“At the heart of any real intimacy is a certain vulnerability. It is hard to trust someone with your vulnerability unless you can see in them a matching vulnerability, and know that you will not be judged.” – Rachel Remmen
This is one reason why we feel so alone when we’re living with trauma, or betrayal trauma.
We feel as if the world either pulls back from us … or exercises judgment … or tells us what to do (as it showers us with unhelpful and unwanted advice).
And none of these responses are compassionate responses.
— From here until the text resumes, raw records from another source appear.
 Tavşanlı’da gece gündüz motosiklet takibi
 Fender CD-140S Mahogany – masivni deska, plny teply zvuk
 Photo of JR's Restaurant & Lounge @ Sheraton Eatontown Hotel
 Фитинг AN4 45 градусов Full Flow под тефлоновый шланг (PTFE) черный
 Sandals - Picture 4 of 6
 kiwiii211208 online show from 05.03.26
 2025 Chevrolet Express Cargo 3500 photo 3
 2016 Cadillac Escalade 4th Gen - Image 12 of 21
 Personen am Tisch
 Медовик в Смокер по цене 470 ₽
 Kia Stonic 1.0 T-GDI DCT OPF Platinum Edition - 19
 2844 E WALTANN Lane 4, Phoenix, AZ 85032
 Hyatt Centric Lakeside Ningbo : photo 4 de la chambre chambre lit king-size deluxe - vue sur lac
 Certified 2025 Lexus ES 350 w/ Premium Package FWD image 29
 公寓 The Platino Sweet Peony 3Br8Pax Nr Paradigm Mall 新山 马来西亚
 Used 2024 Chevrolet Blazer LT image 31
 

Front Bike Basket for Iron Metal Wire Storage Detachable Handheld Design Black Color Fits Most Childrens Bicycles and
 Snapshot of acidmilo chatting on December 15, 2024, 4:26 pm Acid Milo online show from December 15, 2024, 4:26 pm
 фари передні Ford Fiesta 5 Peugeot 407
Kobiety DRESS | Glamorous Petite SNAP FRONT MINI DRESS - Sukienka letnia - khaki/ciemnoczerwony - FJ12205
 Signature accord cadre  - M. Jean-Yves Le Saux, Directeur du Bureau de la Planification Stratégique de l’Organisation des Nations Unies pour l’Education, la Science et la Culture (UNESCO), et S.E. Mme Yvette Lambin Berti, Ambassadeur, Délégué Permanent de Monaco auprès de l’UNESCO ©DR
This doesn’t help at all; we only feel misunderstood.
We just feel under pressure to “shut up” and “move on”.
It leaves us feeling worse; it slowly eats away at hope. There’s no-one there to listen so we bear it on our own.
We’ve lived with shock and heartache, and we’re fighting to survive. And yet it seems that no-one is there to take our hand.
And that’s why we need people who’ve known deep sorrow, too. Who’ve passed through raging waters. Who live with shattered dreams.
These people are a refuge. They meet us where we are. They’ve walked the road of suffering. They lived through horrors, too.
These people are safe people. Like us, they’ve wounds and scars.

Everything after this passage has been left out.